§ THE TASK
Nothing but the pictures is dropped; write out all the remaining data below exactly.

§ SUPPLIED MATERIAL
Start of Block
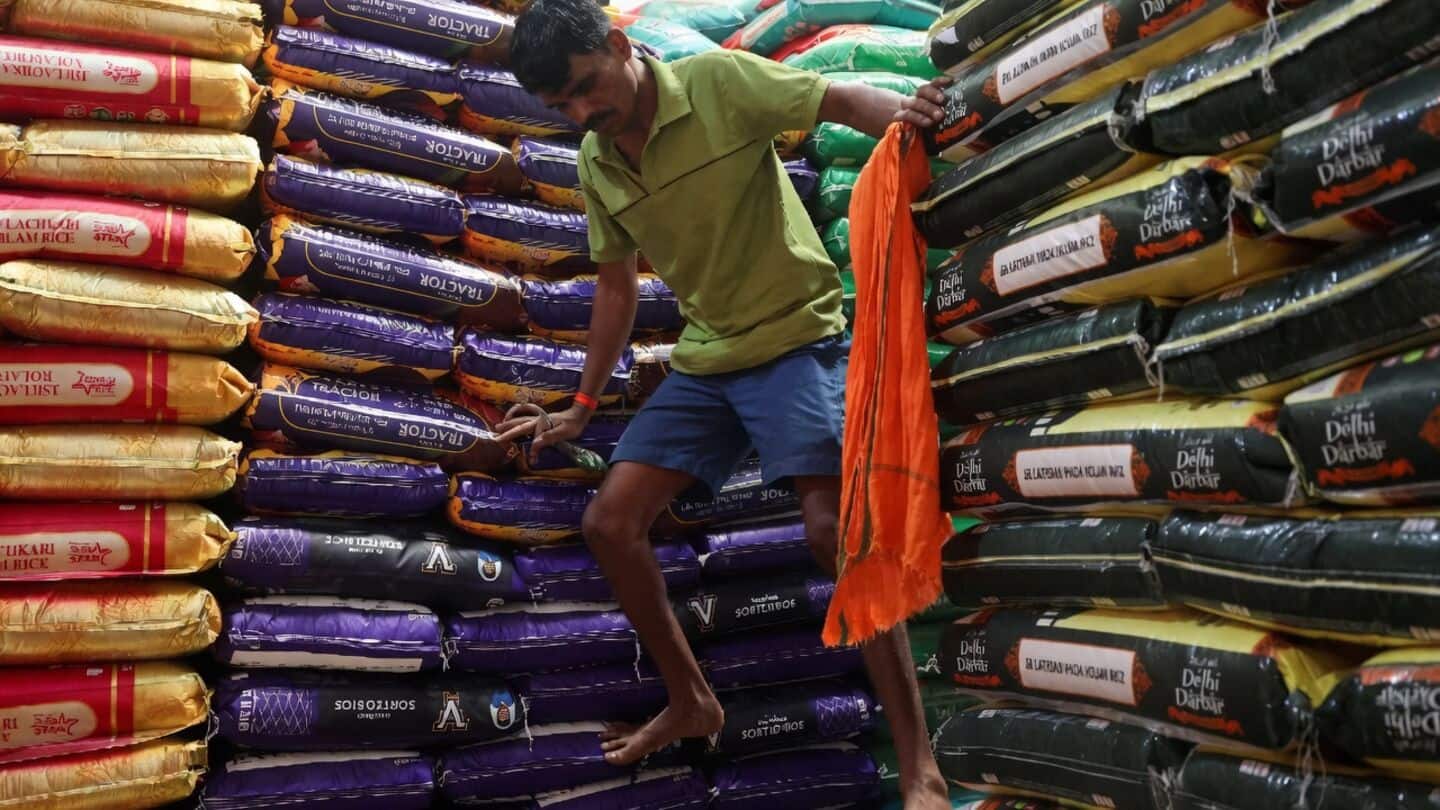 चावल पर दोहरी मार: रिकॉर्ड निर्यात और खाड़ी देशों की होड़ ने 25 प्रतिशत बढ़ाए दाम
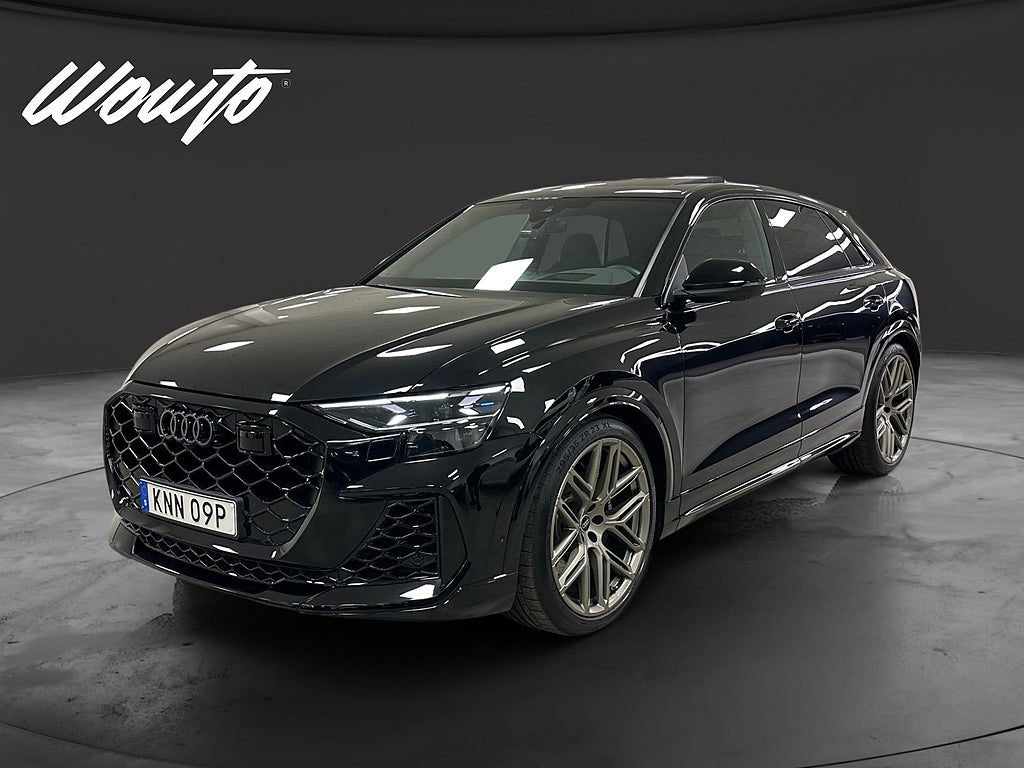 Audi RSQ8 600HK Quattro Panorama / Laser / HUD / Dragkrok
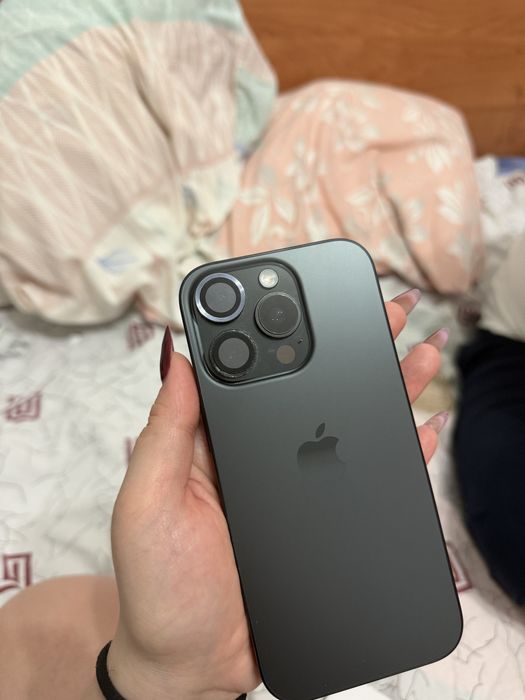 Продам iphone 16 pro 256gb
End of Block
§ EXERCISE ANSWER
 चावल पर दोहरी मार: रिकॉर्ड निर्यात और खाड़ी देशों की होड़ ने 25 प्रतिशत बढ़ाए दाम
 Audi RSQ8 600HK Quattro Panorama / Laser / HUD / Dragkrok
 Продам iphone 16 pro 256gb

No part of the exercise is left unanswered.